═════ EXERCISE INPUT ═════

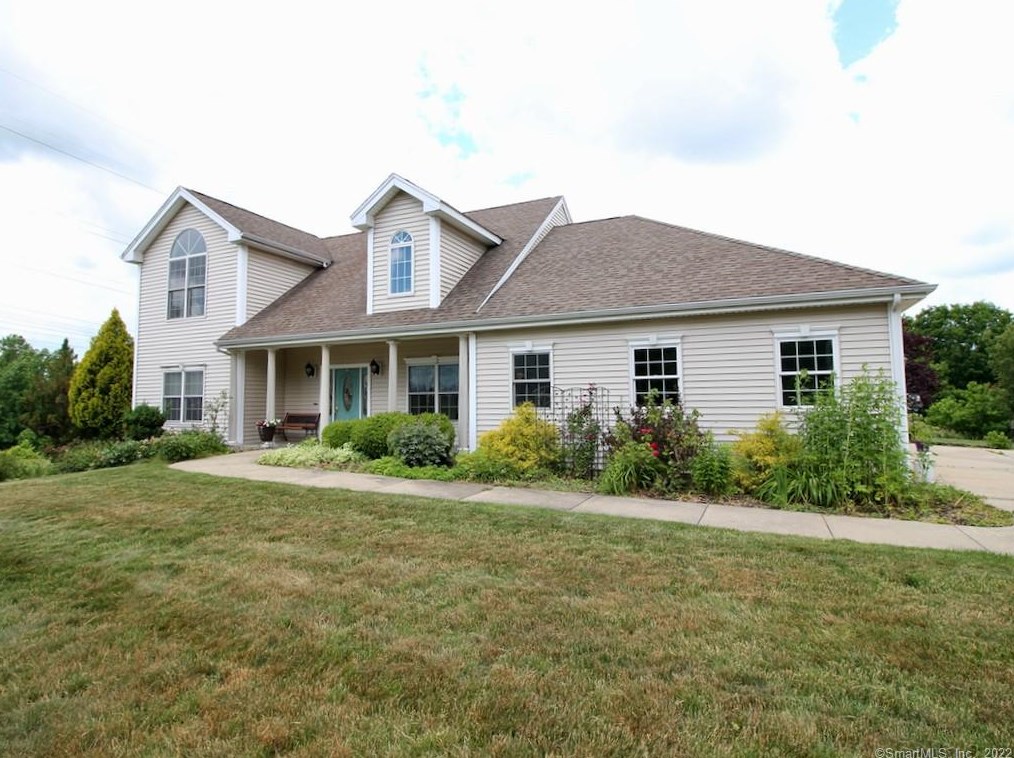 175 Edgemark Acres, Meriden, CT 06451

═════
═════ EXERCISE INPUT ═════

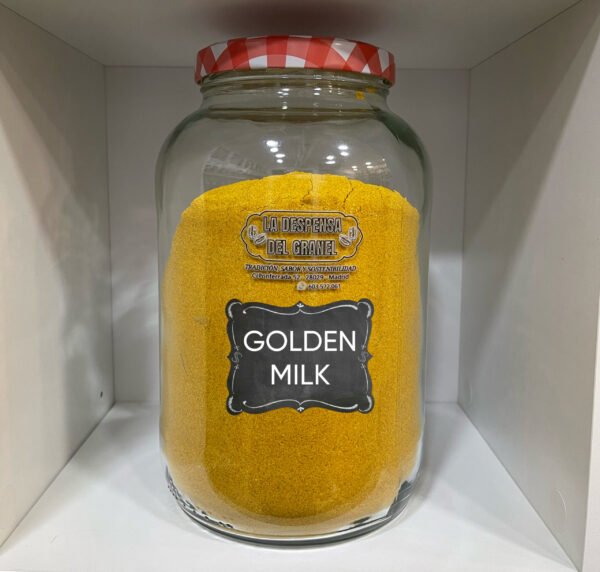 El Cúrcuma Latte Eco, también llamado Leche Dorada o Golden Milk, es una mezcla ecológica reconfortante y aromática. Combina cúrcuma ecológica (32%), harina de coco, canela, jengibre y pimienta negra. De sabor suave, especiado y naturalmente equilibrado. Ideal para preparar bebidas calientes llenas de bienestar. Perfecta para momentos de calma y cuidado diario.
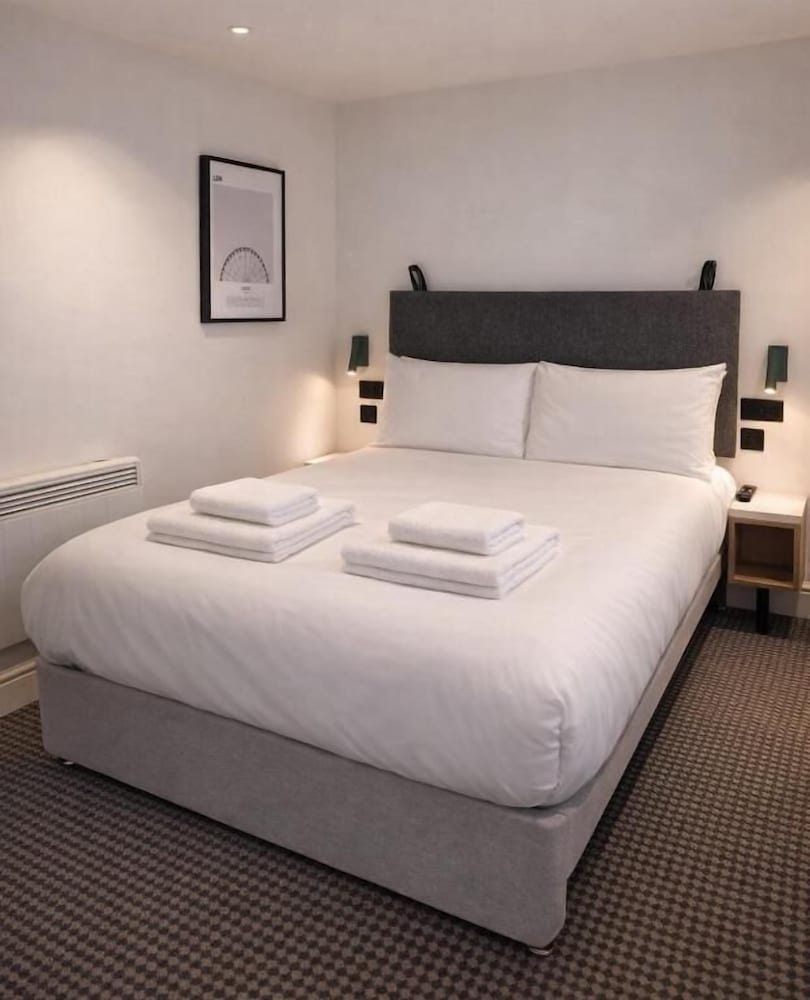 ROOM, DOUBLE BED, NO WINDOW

═════

ASSIGNMENT: Above are the records. Copy word for word only their lines from the one holding "El Cúrcuma Latte" through the one holding "ROOM, DOUBLE BED, NO WINDOW", both included, and skip the images.

WRITTEN SOLUTION:
 El Cúrcuma Latte Eco, también llamado Leche Dorada o Golden Milk, es una mezcla ecológica reconfortante y aromática. Combina cúrcuma ecológica (32%), harina de coco, canela, jengibre y pimienta negra. De sabor suave, especiado y naturalmente equilibrado. Ideal para preparar bebidas calientes llenas de bienestar. Perfecta para momentos de calma y cuidado diario.
 ROOM, DOUBLE BED, NO WINDOW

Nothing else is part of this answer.